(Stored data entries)
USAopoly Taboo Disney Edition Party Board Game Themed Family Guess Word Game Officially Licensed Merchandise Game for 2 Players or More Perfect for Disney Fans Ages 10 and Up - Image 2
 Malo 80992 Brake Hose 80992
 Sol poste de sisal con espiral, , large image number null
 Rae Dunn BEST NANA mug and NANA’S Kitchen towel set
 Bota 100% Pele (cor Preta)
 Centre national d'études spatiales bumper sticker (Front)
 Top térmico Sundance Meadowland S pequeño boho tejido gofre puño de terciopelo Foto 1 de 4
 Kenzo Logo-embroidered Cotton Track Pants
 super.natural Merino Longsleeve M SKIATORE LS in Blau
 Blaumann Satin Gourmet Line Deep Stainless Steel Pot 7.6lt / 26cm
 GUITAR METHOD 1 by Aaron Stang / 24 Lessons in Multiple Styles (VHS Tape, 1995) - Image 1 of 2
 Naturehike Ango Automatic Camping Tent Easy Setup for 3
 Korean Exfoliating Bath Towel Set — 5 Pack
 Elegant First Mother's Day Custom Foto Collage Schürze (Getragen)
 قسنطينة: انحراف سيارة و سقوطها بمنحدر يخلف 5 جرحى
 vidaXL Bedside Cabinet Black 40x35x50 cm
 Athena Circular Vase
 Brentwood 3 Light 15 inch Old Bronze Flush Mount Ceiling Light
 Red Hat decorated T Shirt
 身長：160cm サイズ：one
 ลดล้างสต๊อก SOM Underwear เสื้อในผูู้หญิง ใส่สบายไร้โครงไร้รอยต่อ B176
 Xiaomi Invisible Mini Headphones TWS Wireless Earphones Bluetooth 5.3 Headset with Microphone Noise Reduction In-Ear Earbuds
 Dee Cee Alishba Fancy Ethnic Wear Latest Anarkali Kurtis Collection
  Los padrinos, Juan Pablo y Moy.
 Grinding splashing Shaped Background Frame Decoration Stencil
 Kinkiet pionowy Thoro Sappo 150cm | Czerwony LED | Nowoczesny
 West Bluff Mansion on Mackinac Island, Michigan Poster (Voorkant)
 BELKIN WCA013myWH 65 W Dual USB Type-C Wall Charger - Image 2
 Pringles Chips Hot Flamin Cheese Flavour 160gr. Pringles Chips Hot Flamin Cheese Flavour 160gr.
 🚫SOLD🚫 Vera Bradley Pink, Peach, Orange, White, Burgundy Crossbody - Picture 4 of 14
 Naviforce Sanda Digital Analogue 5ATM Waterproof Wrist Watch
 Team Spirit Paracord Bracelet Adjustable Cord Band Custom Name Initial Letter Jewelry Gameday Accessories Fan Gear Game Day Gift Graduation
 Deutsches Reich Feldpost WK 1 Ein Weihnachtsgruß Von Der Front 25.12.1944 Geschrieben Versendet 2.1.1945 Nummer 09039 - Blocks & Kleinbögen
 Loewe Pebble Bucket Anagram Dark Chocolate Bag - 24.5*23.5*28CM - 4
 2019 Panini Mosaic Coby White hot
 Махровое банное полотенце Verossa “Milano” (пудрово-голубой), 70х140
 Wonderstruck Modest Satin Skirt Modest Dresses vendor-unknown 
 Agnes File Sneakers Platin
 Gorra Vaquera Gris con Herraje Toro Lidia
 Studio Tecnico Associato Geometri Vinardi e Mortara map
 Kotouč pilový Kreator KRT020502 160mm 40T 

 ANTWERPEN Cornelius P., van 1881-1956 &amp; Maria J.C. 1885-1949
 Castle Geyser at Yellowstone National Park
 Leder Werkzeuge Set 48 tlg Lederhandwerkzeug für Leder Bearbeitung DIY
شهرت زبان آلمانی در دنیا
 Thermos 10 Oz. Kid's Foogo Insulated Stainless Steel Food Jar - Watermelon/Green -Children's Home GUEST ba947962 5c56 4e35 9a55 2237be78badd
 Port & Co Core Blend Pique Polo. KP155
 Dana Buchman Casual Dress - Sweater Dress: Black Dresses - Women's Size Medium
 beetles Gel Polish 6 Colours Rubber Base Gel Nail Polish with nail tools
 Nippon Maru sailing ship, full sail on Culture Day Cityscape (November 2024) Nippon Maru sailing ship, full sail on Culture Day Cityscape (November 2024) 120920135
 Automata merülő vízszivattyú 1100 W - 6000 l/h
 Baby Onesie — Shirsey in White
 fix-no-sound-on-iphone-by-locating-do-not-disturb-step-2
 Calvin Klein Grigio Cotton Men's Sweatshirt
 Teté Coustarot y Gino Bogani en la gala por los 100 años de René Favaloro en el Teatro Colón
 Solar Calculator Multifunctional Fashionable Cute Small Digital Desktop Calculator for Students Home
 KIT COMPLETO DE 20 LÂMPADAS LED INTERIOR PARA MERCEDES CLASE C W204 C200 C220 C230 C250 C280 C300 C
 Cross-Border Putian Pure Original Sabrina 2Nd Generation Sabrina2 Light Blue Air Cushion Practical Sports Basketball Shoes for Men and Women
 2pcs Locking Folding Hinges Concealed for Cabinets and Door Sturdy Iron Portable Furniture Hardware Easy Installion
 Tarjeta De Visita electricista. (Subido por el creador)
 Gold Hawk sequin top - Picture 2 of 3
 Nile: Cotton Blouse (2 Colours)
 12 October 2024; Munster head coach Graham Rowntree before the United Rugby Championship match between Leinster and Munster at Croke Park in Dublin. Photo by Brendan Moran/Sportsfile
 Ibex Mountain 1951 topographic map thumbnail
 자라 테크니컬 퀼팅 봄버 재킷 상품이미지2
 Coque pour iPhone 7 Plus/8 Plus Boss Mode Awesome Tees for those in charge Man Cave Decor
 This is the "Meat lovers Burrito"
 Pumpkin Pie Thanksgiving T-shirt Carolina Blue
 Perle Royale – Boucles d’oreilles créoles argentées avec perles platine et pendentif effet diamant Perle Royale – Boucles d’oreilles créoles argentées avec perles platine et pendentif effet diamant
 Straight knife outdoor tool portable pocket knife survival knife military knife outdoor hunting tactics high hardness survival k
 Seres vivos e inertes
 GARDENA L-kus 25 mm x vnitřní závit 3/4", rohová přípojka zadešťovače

### TASK DETAILS
Say how many lines in the data hold the string "Park", and write nothing else.

### TASK OUTPUT
2